A cada possibilidade de hegemonia que surge no futebol do Brasil, ganham fôlego as discussões acerca do fair play financeiro.


A força do Palmeiras na temporada de 2018, com a montagem de um elenco valioso, retomou um debate a respeito do equilíbrio nas contratações feitas pelos times da Série A, tema que ressurge[1] com as atuais demonstrações de soberania do Flamengo no mercado, que domina a janela de transferência de 2020.


Foto: twitter/Marcelo Cortes/CRF/Direitos Reservados
Eleito a revelação do Brasileirão 2019, Michael é um dos reforços para o Flamengo em 2020. O atacante custou R$ 34,5 milhões.

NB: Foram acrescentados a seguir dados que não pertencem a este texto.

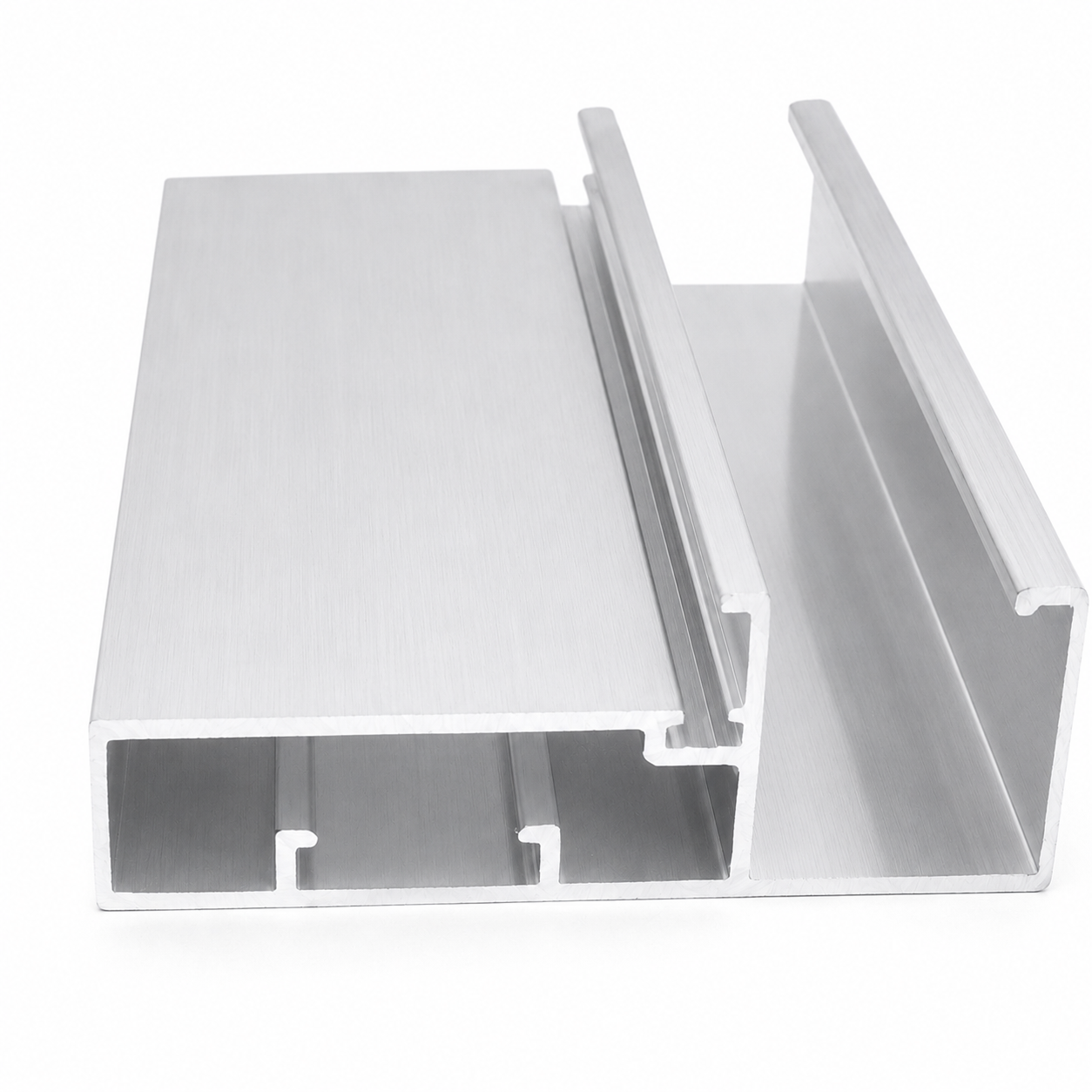 67mm Aluminium Profile Handle - Aluminium Color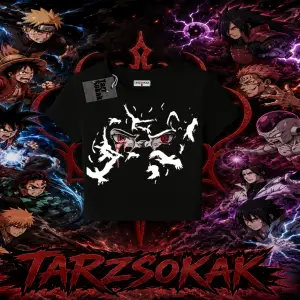 Itachi Uchiha Naruto Anime Karakteri Kadın Baby Tee Beyaz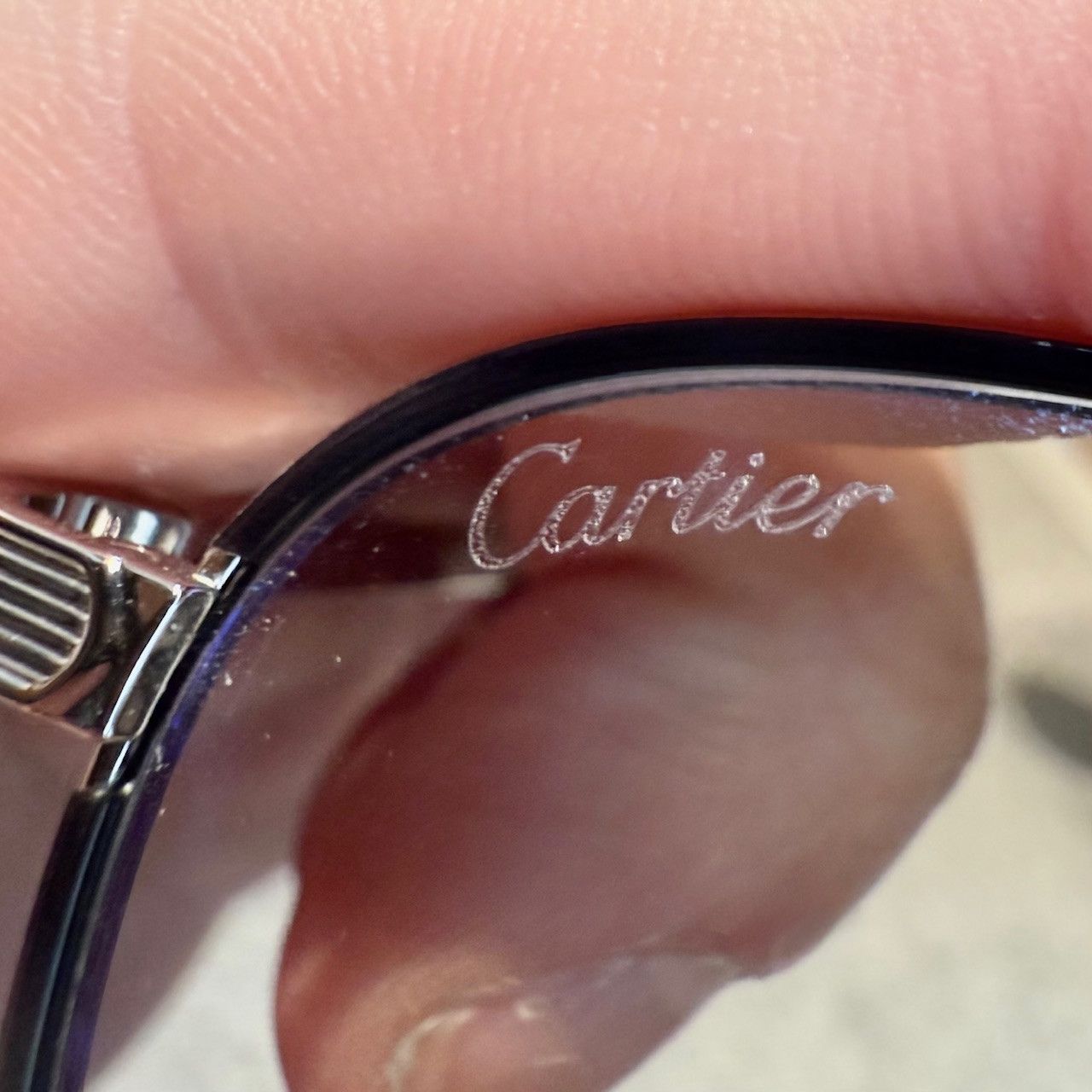 Cartier Cartier CT0251S C De Cartier Titanium Photocromatic Glasses Size ONE SIZE - 14 Thumbnail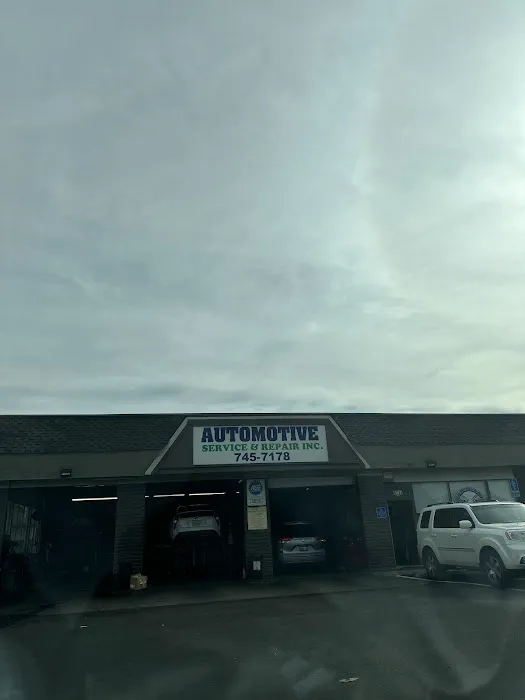 Automotive Service & Repair 2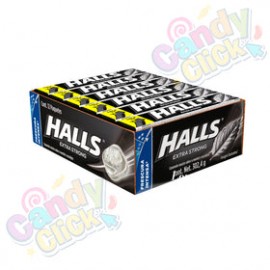 Halls Extra Strong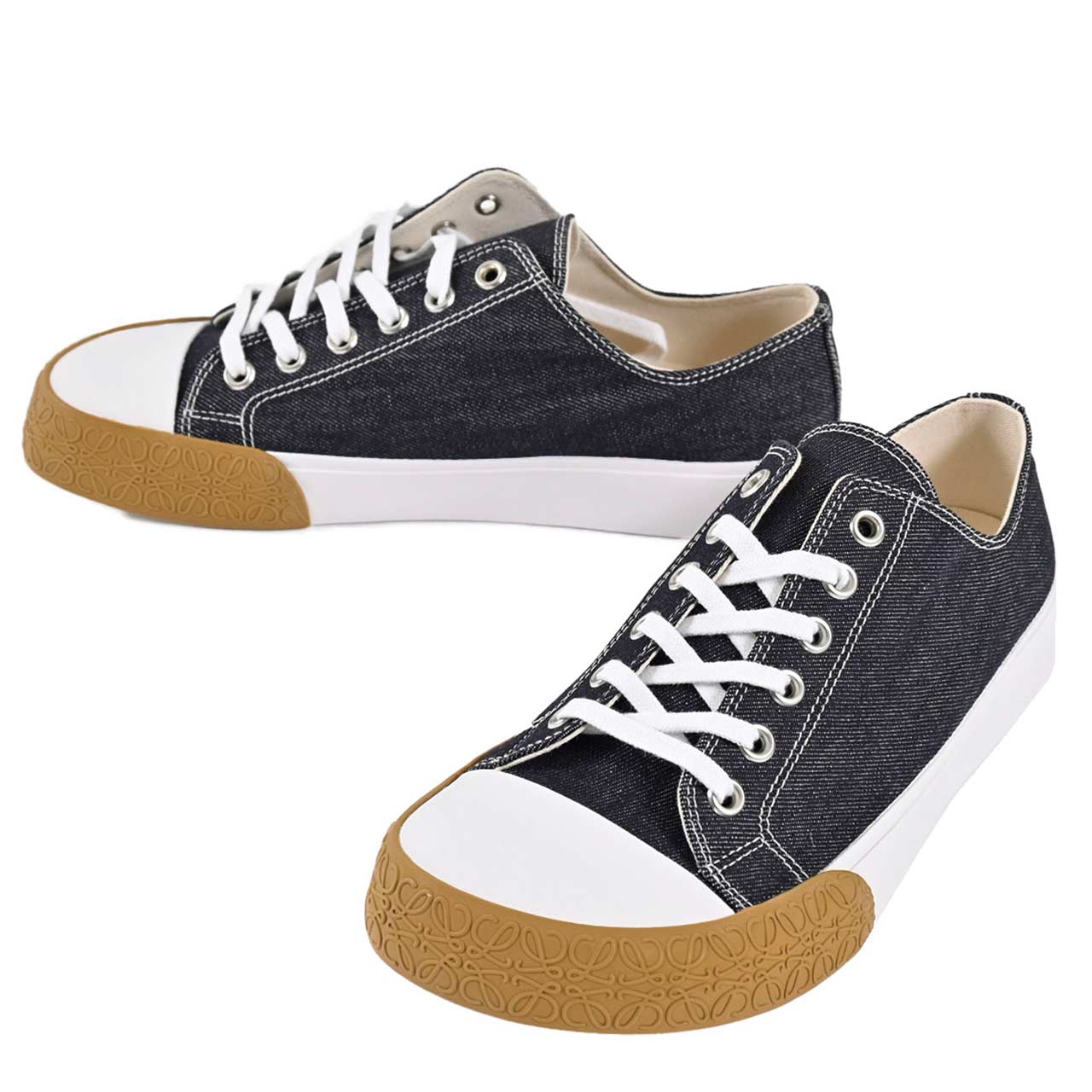 ★ロエベ LOEWE スニーカー M816282XAB 2834 ネイビー メンズ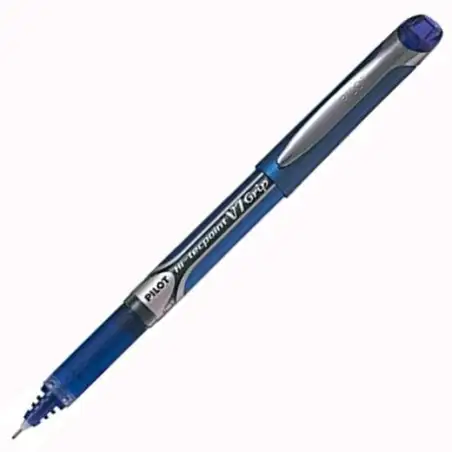 (BXGPN-V7-L) PILOT ROLLER TINTA LÍQUIDA V7 GRIP HI-TECPOINT AZUL
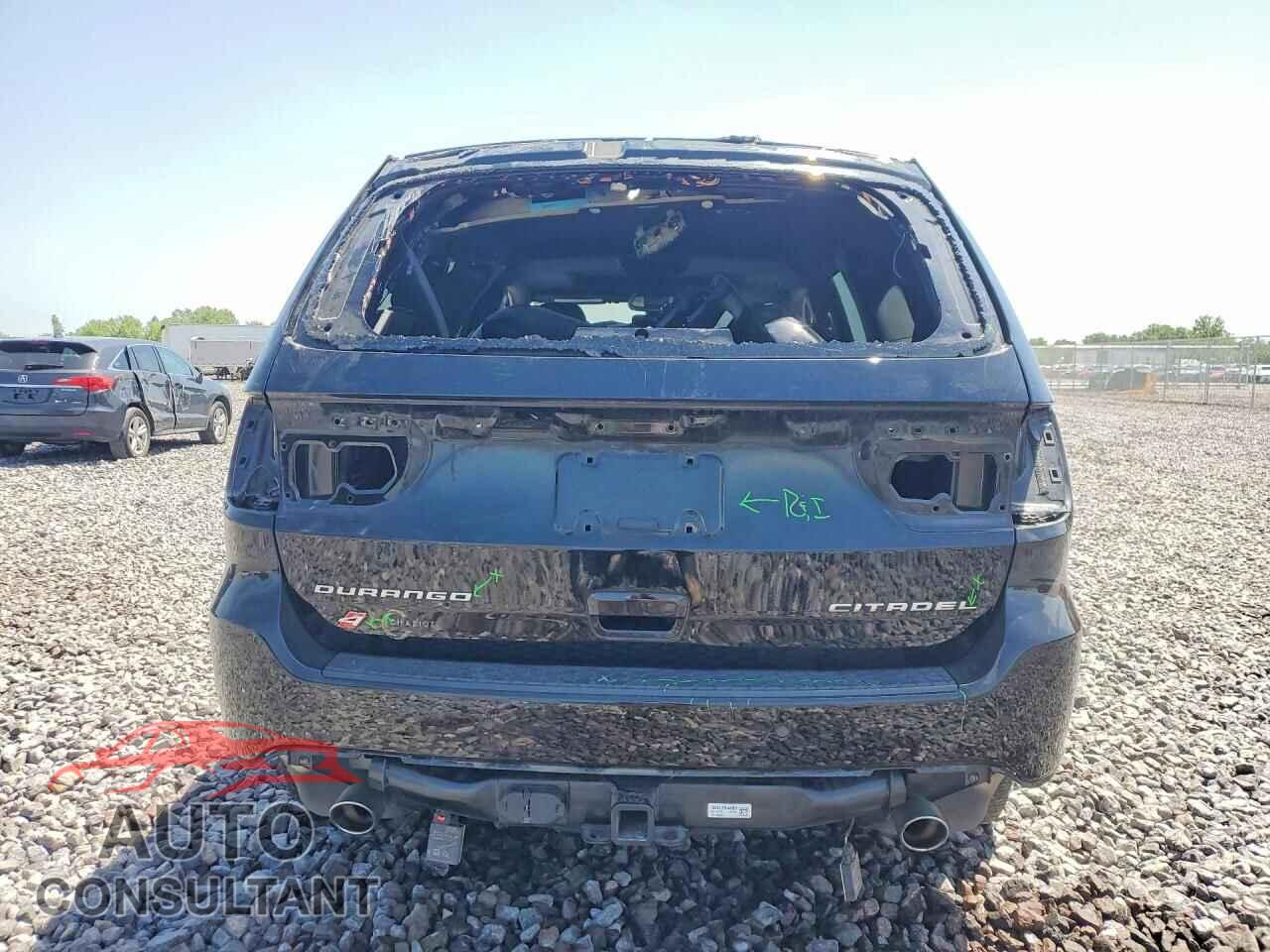 DODGE DURANGO 2022 - 1C4RDJEG4NC184128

Inicialmente, é importante definir tal conceito e demonstrar de que forma ele se firmou no futebol mundial. A liga alemã foi pioneira na criação de mecanismos de controle financeiro para seus clubes, tendo um conjunto de regras a respeito do tema desde 1962. Práticas semelhantes foram implementadas posteriormente na Itália, Holanda, e, em 2010, na UEFA (União das Associações Europeias de Futebol)[2], com a caracterização de “fair play financeiro” (FFP) que adotamos hoje.



E no que consistem essas regras? Com tais regulações, os clubes se submetem a obrigações de equilíbrio financeiro mais rígidas. Foram adotados mecanismos de controle amparado em sanções diversas – multas, perda de pontos, desqualificação de competições e até mesmo retirada de títulos - que tinham como objetivo final incentivar a saúde financeira dos clubes: restringir a acumulação de dívidas, impedir que os clubes gastem muito além do que ganham, cumprir determinações de controle fiscal, de seguridade social ou de débito em relação aos seus próprios jogadores.


Isso não quer dizer que os clubes não possam adquirir dívidas. O endividamento é normal, e está no cotidiano de qualquer instituição que dependa de grandes investimentos. O que essas regras tentam impedir é a formação de dívidas insustentáveis. O alvo dessas determinações são, para além da obrigação de “justiça” em relação aos seus pares, a de uma obrigação do clube para com sua própria saúde financeira.


Dito isso, as diversas contratações realizadas anteriormente pelo Palmeiras, e mais recentemente pelo Flamengo, apesar de ressuscitarem a temática, só fazem sentido se analisadas em conjunto com o balanço, capacidade de pagamento e demais aspectos das contas dos clubes. O fair play financeiro não proíbe gastos exacerbados, e sim gastos que estão além das possibilidades da instituição.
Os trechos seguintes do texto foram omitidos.